The assessment of the envoy, Lakhdar Brahimi, a veteran United Nations diplomat and former Algerian foreign minister who represents both the United Nations and Arab League, was his first to the Security Council since he took over the position at the end of August from Kofi Annan, who resigned in frustration.

Mr. Brahimi spoke on a day of fierce Syrian government attacks on the Syrian city of Aleppo, with antigovernment activists reporting at least eight people including four children killed by shelling of residential buildings.

The Security Council meeting was held in private, but diplomats told reporters afterward that Mr. Brahimi had told them that Mr. Assad’s government appeared entrenched in its belief that the Syria conflict is a foreign-instigated plot and that Mr. Assad wants to return the country to the political structure that existed before the uprising against him broke out in March 2011.

Speaking to reporters later outside the Council chambers, Mr. Brahimi said: “All I can tell you is that the situation is indeed extremely difficult. There is a stalemate, there is no prospect today or tomorrow to move forward.”

Still, in a glimmer of optimism, he said: “Now that I have found out a little bit more about what is happening in the country and the region, I think we will find an opening in the not-too-distant future. I refuse to believe that reasonable people do not see that you cannot go backward, that you cannot go back to the Syria of the past. I told everybody in Damascus and elsewhere that reform is not enough anymore, what is needed is change.”

Mr. Brahimi visited Damascus last week and met with Mr. Assad, and said then that the crisis was deteriorating and that he had not yet formulated a plan to stem the violence. He reiterated to reporters at the United Nations that he still does not have a plan.

The shelling in Aleppo appeared to be part of a broader attack by the Syrian government that included the use of warplanes to bomb targets on the outskirts of Aleppo, the northern city that had been Syria’s commercial epicenter and is now a battleground in the conflict.

Activist groups gave conflicting accounts on the attack that destroyed the buildings in Aleppo. The Syrian Observatory for Human Rights, a London-based group that receives reports from sources inside Syria, said the neighborhood came under shelling. Elsewhere in the city, a rebel battalion commander a fighter were killed in clashes with government troops.

Other activists said warplanes or helicopters bombed the neighborhood. Video disseminated by activists on Monday showed people frantically searching through the rubble for survivors.

One activist in Aleppo said that electricity was cut off to the city at about 6 p.m. on Sunday night, often a precursor to an attack by the military. Warplanes could be heard flying overhead. On Monday, “Aleppo woke up to the sound of aerial bombing and heavy artillery shelling,” said another activist.

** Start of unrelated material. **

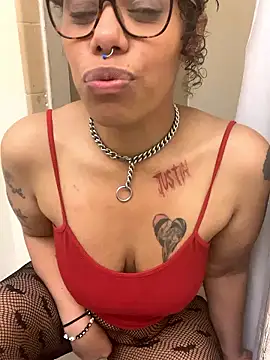 Desirae_Luciano's Live XXX Chat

On Sunday, domestic opposition groups, searching for another way forward, gathered in the capital Damascus in a rare instance of officially tolerated dissent, and called for Mr. Assad’s removal from power.

The meeting, in a Damascus hotel tightly guarded by government security agents, brought together representatives of about 20 domestic opposition groups, including leftists and longtime dissidents who have struggled to stay relevant as the uprising has become a war.